* _PROMPT_: In the answer, transcribe exactly the lines from the beginning of the material through the line holding "Blueprint of Pennsylvania", and skip every picture.

***

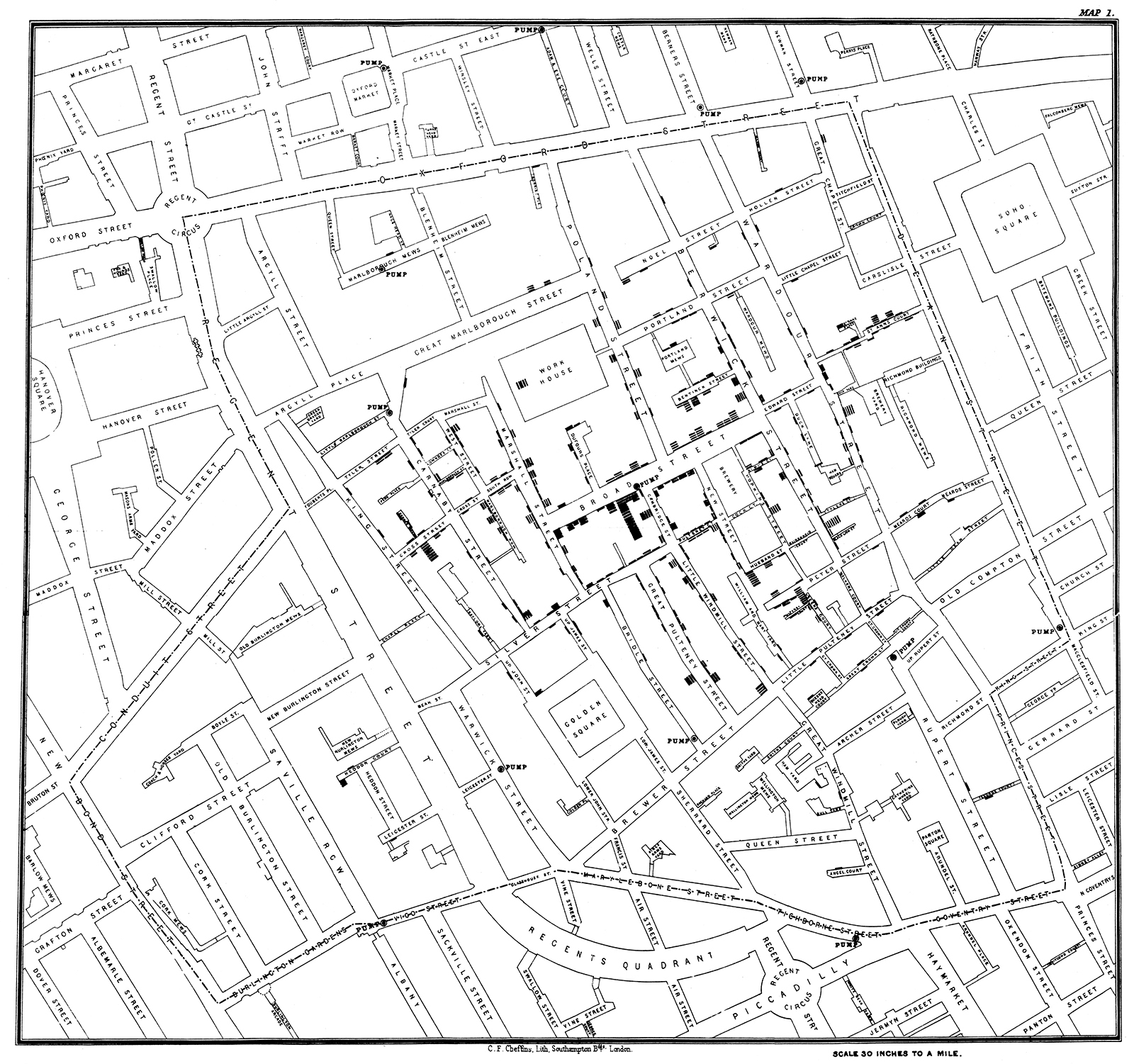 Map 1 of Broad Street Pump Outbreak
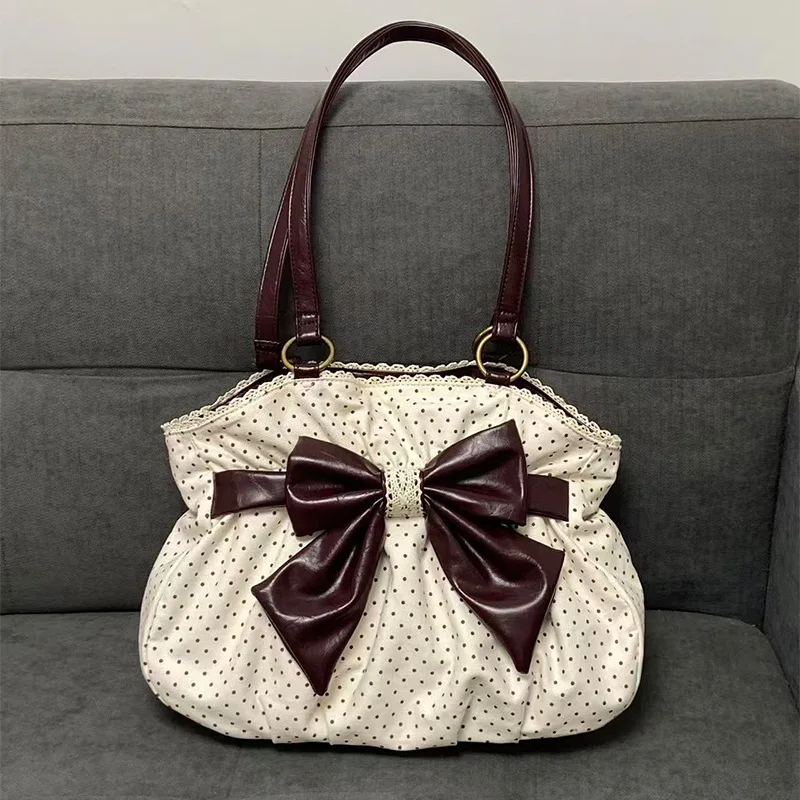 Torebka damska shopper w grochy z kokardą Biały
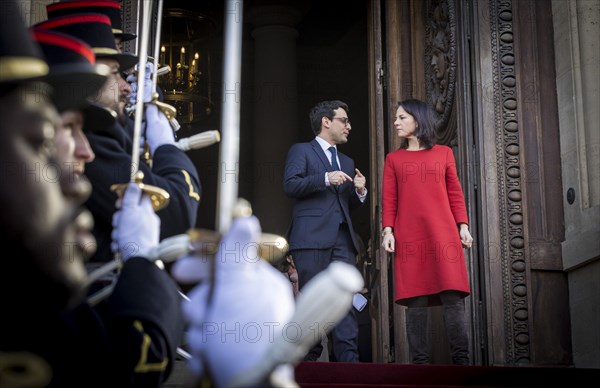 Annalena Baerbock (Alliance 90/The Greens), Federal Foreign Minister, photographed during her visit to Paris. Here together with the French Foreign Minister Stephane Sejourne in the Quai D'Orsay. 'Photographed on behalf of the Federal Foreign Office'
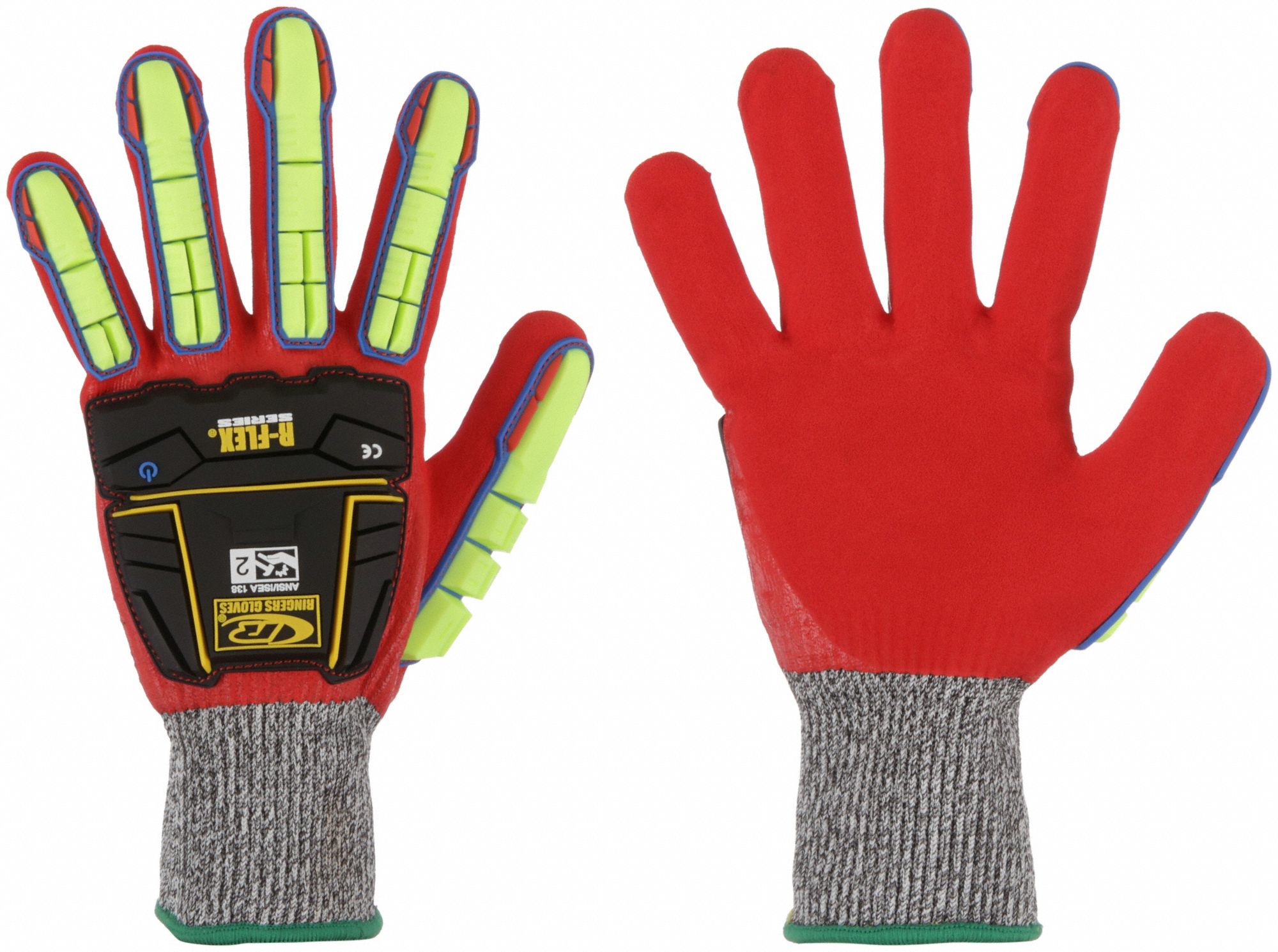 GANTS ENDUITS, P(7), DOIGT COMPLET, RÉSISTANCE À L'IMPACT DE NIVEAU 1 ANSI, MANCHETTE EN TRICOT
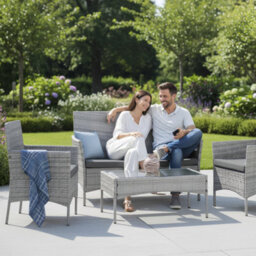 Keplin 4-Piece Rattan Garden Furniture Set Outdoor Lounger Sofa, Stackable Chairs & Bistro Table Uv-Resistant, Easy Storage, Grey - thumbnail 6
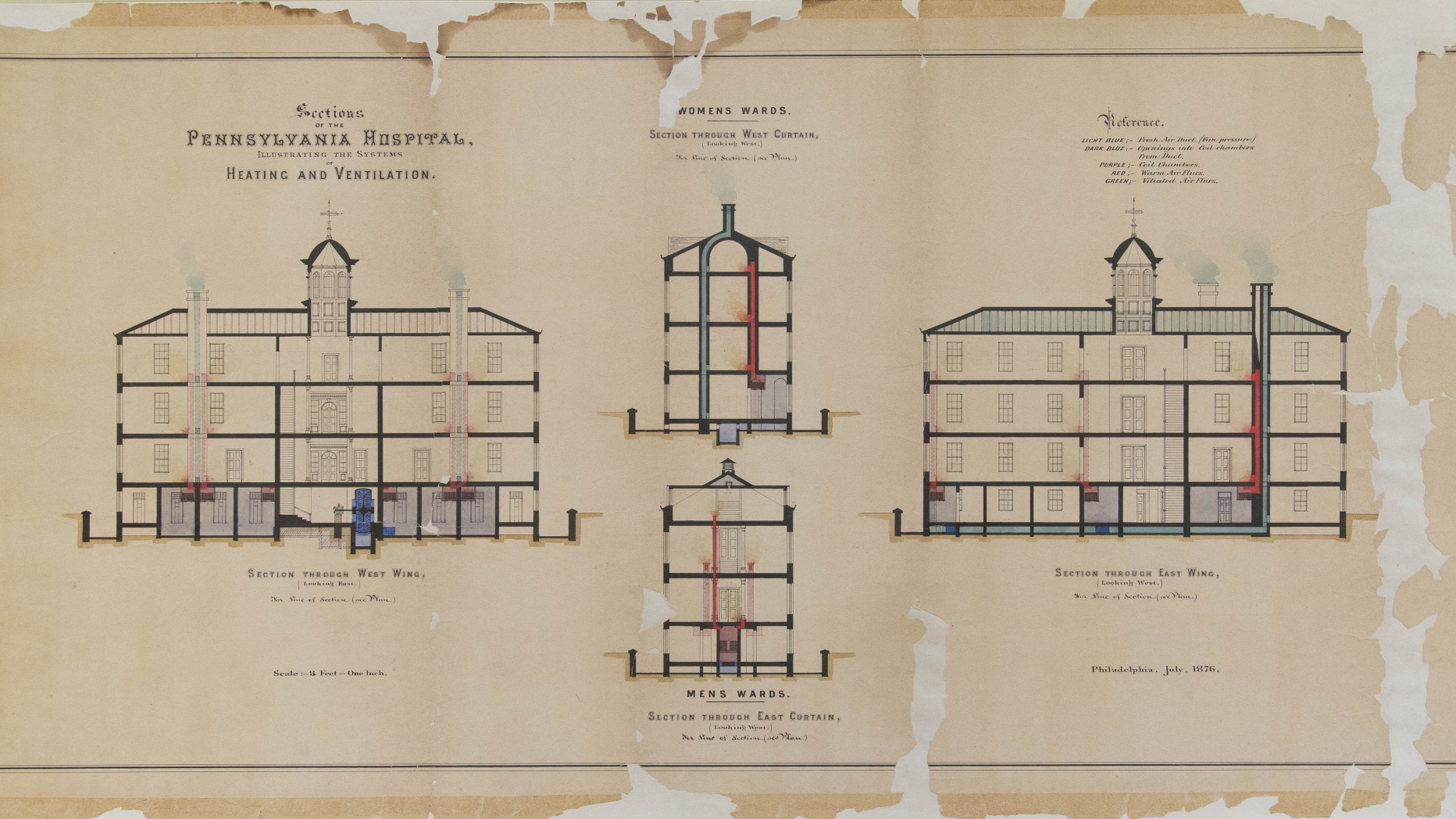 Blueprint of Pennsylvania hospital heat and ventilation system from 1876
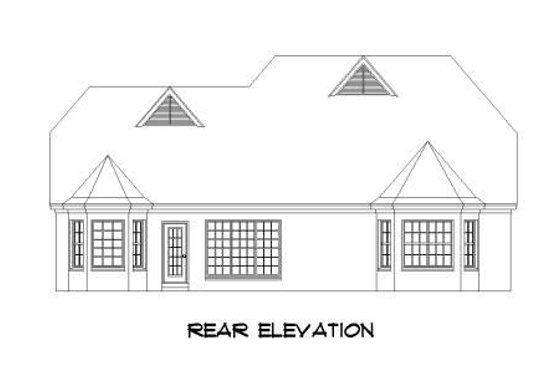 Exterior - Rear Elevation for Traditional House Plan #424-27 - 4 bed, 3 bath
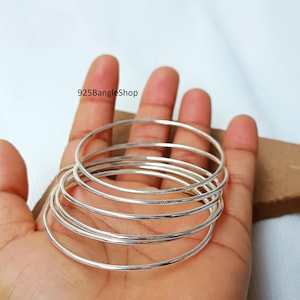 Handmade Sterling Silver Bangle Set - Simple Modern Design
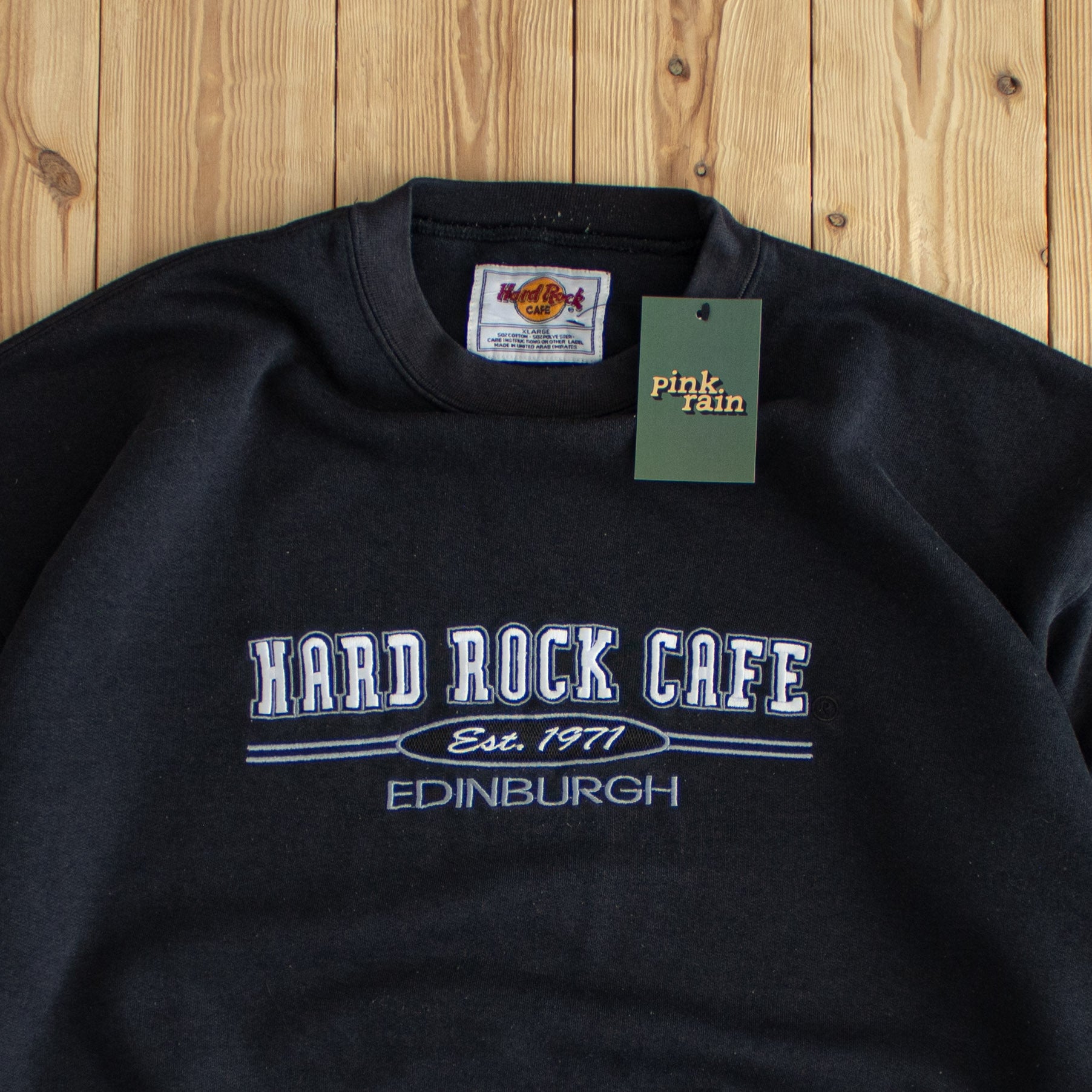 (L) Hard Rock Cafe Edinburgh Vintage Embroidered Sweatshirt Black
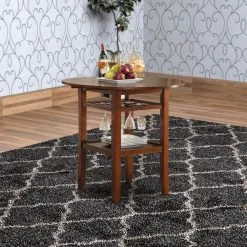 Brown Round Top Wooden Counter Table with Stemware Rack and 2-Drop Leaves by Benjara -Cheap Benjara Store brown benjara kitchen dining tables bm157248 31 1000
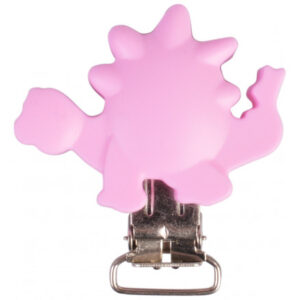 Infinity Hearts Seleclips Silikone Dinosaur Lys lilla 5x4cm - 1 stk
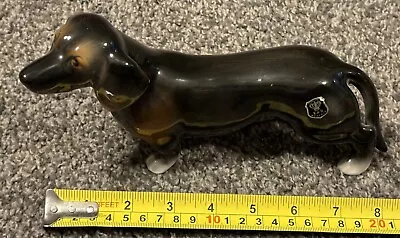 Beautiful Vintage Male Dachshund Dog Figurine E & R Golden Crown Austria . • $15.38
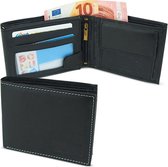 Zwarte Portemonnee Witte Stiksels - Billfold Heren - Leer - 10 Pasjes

***

* _SOLUTION TO THIS TASK_:
 Map 1 of Broad Street Pump Outbreak
 Torebka damska shopper w grochy z kokardą Biały
 Annalena Baerbock (Alliance 90/The Greens), Federal Foreign Minister, photographed during her visit to Paris. Here together with the French Foreign Minister Stephane Sejourne in the Quai D'Orsay. 'Photographed on behalf of the Federal Foreign Office'
 GANTS ENDUITS, P(7), DOIGT COMPLET, RÉSISTANCE À L'IMPACT DE NIVEAU 1 ANSI, MANCHETTE EN TRICOT
 Keplin 4-Piece Rattan Garden Furniture Set Outdoor Lounger Sofa, Stackable Chairs & Bistro Table Uv-Resistant, Easy Storage, Grey - thumbnail 6
 Blueprint of Pennsylvania hospital heat and ventilation system from 1876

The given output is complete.